Atomic-scale insights into the effect of layer thickness ratio on the tensile properties of heterostructured nano-aluminum

Gradient-structured alloys with lamellar microstructures show extraordinary potential in breaking the strength-ductility trade-off dilemma. When partial grain size exceeds the Hall-Petch limit, the deformation mechanism is not fully understood. In this study, the competing relationship between grain boundary (GB) softening and hetero-deformation-induced (HDI) strengthening in laminated nano-grained aluminum was investigated under uniaxial tensile loading. In the soft domains, the high activity of grain boundaries results in pronounced GB softening. However, when the volume fraction of the soft layer exceeds 50 %, the flow stress surpasses the predicted values of the rule of mixtures (ROM), demonstrating a significant HDI strengthening. A detailed analysis of microstructural evolution is conducted, including strain gradients, GB migration, and dislocation distribution.
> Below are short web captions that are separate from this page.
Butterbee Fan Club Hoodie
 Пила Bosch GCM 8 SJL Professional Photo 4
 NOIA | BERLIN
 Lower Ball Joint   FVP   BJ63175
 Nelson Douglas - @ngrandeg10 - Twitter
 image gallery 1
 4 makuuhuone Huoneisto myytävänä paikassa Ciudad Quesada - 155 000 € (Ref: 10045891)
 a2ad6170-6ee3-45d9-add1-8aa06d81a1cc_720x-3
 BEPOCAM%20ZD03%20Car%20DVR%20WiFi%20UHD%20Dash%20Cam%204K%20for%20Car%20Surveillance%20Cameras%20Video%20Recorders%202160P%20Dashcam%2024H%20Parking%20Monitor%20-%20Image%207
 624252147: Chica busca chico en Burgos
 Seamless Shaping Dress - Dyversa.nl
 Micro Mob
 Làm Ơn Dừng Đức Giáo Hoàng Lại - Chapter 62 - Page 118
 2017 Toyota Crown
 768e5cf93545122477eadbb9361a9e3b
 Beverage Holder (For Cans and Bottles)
The effects of mechanical incompatibility between soft and hard layers on the distribution of plastic strain and overall material strength are elucidated in gradient structures. The study provides critical theoretical insights into the design and development of high-performance gradient nanocrystalline aluminum alloys, particularly in applications where a balance between strength and ductility is of paramount importance.